Working data =

= Beginning of Section =

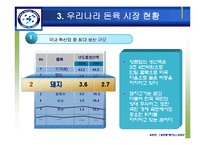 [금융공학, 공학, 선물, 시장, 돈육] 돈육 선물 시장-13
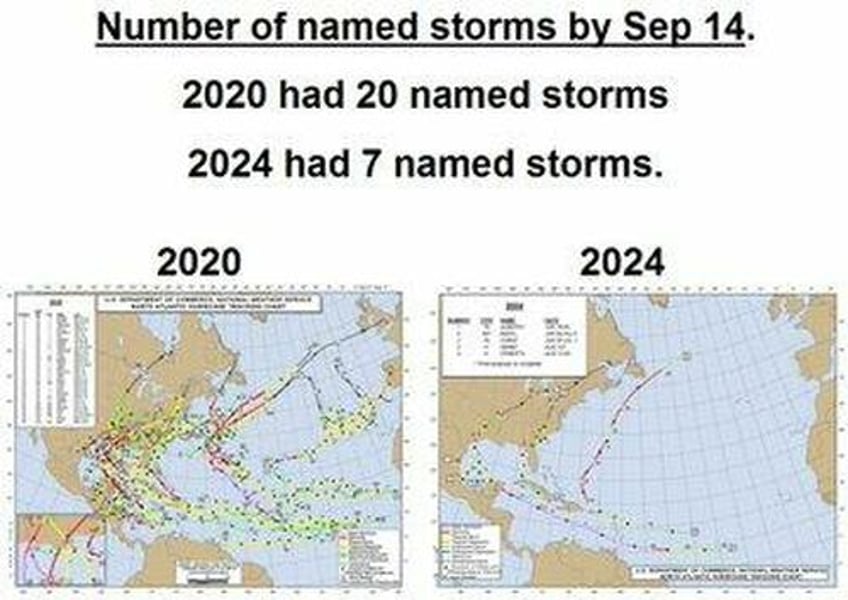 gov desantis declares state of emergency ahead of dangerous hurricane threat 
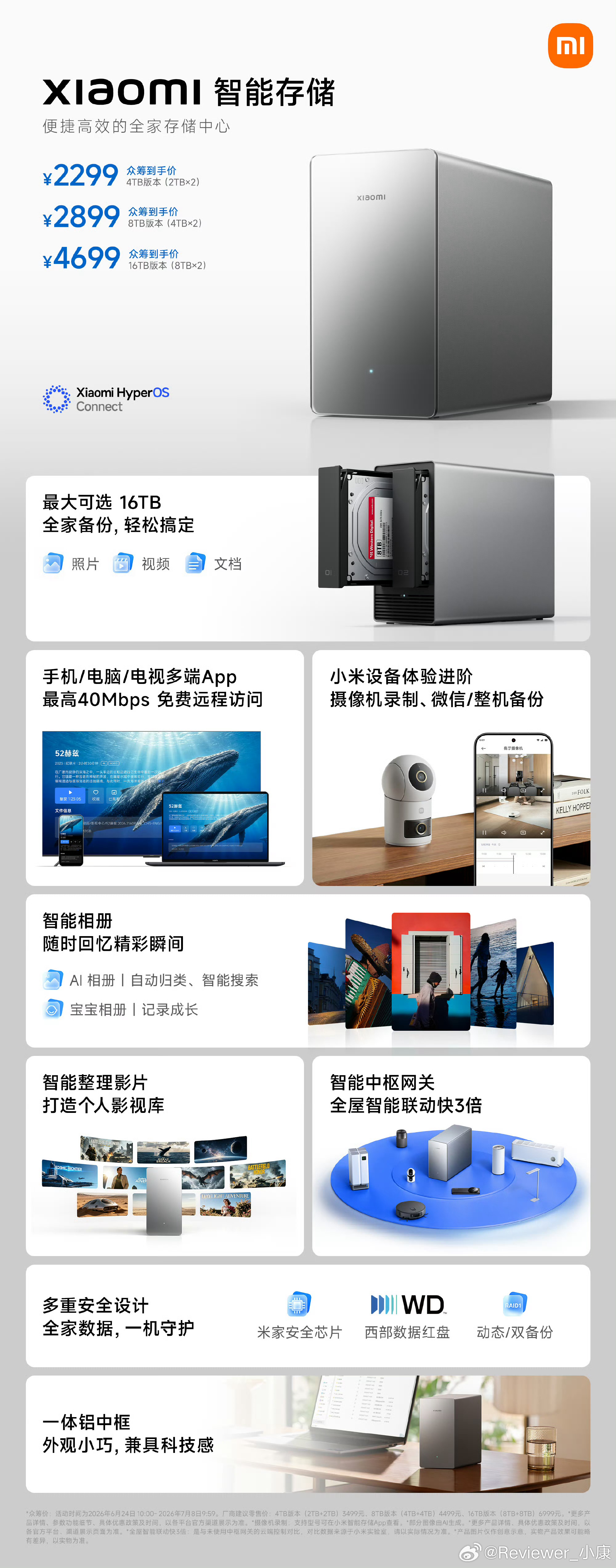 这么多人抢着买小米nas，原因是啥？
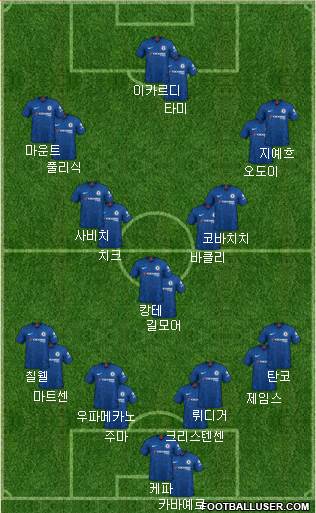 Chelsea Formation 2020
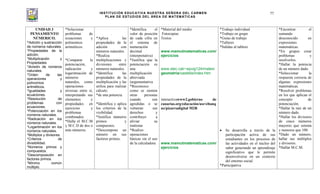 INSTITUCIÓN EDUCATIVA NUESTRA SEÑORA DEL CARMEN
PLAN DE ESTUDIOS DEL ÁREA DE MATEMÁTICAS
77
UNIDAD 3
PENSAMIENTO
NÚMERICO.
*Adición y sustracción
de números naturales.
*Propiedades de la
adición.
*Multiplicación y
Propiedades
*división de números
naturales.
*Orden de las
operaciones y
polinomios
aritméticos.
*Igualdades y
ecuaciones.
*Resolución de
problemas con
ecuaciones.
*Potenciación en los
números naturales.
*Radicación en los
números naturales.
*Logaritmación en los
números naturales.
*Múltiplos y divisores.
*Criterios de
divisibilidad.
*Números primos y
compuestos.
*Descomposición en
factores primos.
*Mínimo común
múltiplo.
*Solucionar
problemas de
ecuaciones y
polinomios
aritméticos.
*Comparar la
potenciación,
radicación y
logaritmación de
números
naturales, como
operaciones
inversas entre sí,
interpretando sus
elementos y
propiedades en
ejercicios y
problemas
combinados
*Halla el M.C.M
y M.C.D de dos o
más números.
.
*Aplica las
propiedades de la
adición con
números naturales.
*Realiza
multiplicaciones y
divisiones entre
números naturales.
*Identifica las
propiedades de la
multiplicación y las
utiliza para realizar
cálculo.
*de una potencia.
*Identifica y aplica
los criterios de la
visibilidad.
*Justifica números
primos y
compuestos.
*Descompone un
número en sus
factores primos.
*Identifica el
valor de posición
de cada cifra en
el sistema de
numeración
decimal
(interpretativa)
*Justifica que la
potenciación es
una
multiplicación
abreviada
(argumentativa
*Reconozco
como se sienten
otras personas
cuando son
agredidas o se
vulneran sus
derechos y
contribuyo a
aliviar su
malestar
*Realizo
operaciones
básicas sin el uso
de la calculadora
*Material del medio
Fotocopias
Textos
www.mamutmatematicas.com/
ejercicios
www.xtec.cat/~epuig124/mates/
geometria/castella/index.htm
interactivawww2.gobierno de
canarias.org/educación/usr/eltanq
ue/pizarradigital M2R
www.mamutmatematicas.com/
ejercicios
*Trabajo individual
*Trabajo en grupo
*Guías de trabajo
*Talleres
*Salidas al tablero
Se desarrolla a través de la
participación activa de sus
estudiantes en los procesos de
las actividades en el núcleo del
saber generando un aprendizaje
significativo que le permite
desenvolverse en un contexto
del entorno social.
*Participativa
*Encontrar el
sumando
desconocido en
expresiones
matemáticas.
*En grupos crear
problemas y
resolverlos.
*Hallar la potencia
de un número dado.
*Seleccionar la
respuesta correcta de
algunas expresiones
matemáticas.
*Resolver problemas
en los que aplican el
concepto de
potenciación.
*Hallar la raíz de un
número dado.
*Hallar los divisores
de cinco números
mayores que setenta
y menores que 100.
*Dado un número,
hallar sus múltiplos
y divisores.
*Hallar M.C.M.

= End of Section =

Problem = Quote in full the listing given above; the images are to be left out.

Your solution =
 [금융공학, 공학, 선물, 시장, 돈육] 돈육 선물 시장-13
 gov desantis declares state of emergency ahead of dangerous hurricane threat 
 这么多人抢着买小米nas，原因是啥？
 Chelsea Formation 2020
 INSTITUCIÓN EDUCATIVA NUESTRA SEÑORA DEL CARMEN
PLAN DE ESTUDIOS DEL ÁREA DE MATEMÁTICAS
77
UNIDAD 3
PENSAMIENTO
NÚMERICO.
*Adición y sustracción
de números naturales.
*Propiedades de la
adición.
*Multiplicación y
Propiedades
*división de números
naturales.
*Orden de las
operaciones y
polinomios
aritméticos.
*Igualdades y
ecuaciones.
*Resolución de
problemas con
ecuaciones.
*Potenciación en los
números naturales.
*Radicación en los
números naturales.
*Logaritmación en los
números naturales.
*Múltiplos y divisores.
*Criterios de
divisibilidad.
*Números primos y
compuestos.
*Descomposición en
factores primos.
*Mínimo común
múltiplo.
*Solucionar
problemas de
ecuaciones y
polinomios
aritméticos.
*Comparar la
potenciación,
radicación y
logaritmación de
números
naturales, como
operaciones
inversas entre sí,
interpretando sus
elementos y
propiedades en
ejercicios y
problemas
combinados
*Halla el M.C.M
y M.C.D de dos o
más números.
.
*Aplica las
propiedades de la
adición con
números naturales.
*Realiza
multiplicaciones y
divisiones entre
números naturales.
*Identifica las
propiedades de la
multiplicación y las
utiliza para realizar
cálculo.
*de una potencia.
*Identifica y aplica
los criterios de la
visibilidad.
*Justifica números
primos y
compuestos.
*Descompone un
número en sus
factores primos.
*Identifica el
valor de posición
de cada cifra en
el sistema de
numeración
decimal
(interpretativa)
*Justifica que la
potenciación es
una
multiplicación
abreviada
(argumentativa
*Reconozco
como se sienten
otras personas
cuando son
agredidas o se
vulneran sus
derechos y
contribuyo a
aliviar su
malestar
*Realizo
operaciones
básicas sin el uso
de la calculadora
*Material del medio
Fotocopias
Textos
www.mamutmatematicas.com/
ejercicios
www.xtec.cat/~epuig124/mates/
geometria/castella/index.htm
interactivawww2.gobierno de
canarias.org/educación/usr/eltanq
ue/pizarradigital M2R
www.mamutmatematicas.com/
ejercicios
*Trabajo individual
*Trabajo en grupo
*Guías de trabajo
*Talleres
*Salidas al tablero
Se desarrolla a través de la
participación activa de sus
estudiantes en los procesos de
las actividades en el núcleo del
saber generando un aprendizaje
significativo que le permite
desenvolverse en un contexto
del entorno social.
*Participativa
*Encontrar el
sumando
desconocido en
expresiones
matemáticas.
*En grupos crear
problemas y
resolverlos.
*Hallar la potencia
de un número dado.
*Seleccionar la
respuesta correcta de
algunas expresiones
matemáticas.
*Resolver problemas
en los que aplican el
concepto de
potenciación.
*Hallar la raíz de un
número dado.
*Hallar los divisores
de cinco números
mayores que setenta
y menores que 100.
*Dado un número,
hallar sus múltiplos
y divisores.
*Hallar M.C.M.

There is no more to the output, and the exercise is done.